My father had Mother's Day as more of a "for your own mother" type of thing and apparently my mother felt the same way that she spent it with her own mother-my mom is getting old and her parents did not make it long into their 60s. I have always tried to celebrate Mother's Day but my mom's life choices don't really mix with my own. Her and my dad divorced years ago. She has remarried since. I am the only child of hers that stayed in the area that we children grew up in. She moved 1 1-2 hrs away. My siblings are all 45 min away from her. 2/4 siblings have kids and are married. She doesn't go to church (not shaming) so it's not like we all have a common denominator or location to all share Mother's Day/aside from her house which she would have to bring a meal anyways, so either we skip church and go over or we go to church and go over and then the day is practically over.
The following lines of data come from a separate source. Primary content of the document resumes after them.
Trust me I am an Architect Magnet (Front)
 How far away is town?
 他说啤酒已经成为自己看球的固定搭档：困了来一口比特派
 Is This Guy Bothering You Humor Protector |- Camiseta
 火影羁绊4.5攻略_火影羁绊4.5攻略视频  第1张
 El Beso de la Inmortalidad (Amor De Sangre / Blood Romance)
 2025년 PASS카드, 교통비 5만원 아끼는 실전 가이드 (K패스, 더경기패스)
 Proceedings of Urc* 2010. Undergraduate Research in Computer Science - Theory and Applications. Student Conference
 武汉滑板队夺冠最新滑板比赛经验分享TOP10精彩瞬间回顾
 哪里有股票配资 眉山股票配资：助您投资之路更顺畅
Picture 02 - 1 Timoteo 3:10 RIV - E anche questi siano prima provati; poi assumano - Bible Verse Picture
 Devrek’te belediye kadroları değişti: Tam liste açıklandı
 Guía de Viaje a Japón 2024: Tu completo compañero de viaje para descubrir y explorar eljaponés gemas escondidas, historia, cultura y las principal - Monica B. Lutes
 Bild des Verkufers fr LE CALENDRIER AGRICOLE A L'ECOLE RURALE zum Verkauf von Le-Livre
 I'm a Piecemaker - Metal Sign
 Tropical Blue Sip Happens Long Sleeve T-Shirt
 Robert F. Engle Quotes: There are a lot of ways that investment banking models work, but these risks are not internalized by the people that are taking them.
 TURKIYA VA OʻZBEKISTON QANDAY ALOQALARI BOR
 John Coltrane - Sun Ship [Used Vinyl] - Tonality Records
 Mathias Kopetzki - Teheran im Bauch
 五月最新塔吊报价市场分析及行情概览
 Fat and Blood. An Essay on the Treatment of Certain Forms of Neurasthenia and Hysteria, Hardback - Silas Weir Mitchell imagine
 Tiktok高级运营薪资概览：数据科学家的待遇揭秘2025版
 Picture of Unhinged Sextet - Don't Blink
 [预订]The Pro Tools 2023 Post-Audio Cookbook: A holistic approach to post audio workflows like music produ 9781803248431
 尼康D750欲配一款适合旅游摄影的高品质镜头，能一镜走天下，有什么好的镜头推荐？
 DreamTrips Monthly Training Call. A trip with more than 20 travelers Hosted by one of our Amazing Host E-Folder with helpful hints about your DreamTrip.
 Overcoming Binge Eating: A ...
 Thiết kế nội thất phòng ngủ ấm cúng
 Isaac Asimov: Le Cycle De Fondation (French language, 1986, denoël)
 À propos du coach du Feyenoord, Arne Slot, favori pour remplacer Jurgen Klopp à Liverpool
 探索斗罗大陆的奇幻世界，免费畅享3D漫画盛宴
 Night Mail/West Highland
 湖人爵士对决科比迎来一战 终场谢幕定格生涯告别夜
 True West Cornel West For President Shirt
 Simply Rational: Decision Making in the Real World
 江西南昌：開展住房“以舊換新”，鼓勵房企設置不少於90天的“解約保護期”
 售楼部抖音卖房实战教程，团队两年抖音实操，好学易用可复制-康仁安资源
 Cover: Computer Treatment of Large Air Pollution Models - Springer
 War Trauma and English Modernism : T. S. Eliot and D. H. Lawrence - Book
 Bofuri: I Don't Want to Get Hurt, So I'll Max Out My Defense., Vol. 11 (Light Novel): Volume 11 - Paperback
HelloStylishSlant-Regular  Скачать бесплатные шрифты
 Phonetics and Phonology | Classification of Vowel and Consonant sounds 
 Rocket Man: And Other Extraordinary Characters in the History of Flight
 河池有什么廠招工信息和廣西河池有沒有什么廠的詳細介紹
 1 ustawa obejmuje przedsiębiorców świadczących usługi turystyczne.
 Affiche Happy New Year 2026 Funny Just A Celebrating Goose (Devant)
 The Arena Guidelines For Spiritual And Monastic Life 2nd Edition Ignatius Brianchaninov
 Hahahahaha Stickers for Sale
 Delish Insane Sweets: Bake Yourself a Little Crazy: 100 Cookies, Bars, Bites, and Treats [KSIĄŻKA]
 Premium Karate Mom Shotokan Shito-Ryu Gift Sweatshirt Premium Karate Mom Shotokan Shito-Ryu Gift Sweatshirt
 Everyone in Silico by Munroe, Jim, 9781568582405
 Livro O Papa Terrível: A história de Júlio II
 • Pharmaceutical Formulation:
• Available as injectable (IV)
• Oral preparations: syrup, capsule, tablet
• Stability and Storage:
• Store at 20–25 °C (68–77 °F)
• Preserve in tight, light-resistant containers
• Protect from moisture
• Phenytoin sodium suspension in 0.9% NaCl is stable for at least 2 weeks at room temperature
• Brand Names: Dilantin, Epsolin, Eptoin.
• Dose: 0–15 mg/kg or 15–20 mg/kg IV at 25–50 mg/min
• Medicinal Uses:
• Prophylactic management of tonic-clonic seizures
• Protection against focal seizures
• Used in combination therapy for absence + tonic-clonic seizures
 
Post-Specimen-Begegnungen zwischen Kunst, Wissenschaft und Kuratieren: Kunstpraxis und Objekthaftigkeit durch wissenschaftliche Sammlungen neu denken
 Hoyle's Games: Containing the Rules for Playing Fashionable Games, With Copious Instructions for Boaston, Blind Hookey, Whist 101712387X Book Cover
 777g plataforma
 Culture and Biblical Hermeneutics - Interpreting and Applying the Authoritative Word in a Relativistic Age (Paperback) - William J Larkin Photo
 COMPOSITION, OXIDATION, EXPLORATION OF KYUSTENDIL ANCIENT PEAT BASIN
My mom was slightly upset with me because even though I am planning on spending some time with her, I told her I felt it was more a holiday that my siblings without kids should make a priority while they can, and she apparently isn't happy that her oldest child does not do much with her on Mother's Day. I know my oldest sibling finds a decent gift with his wife and I imagine they spend the day doing what she wants which is probably spending time with her family or reading and he cooks for her.
I understand where my mom is coming from as her parents didn't live long in grandparent age and she is worried about this herself.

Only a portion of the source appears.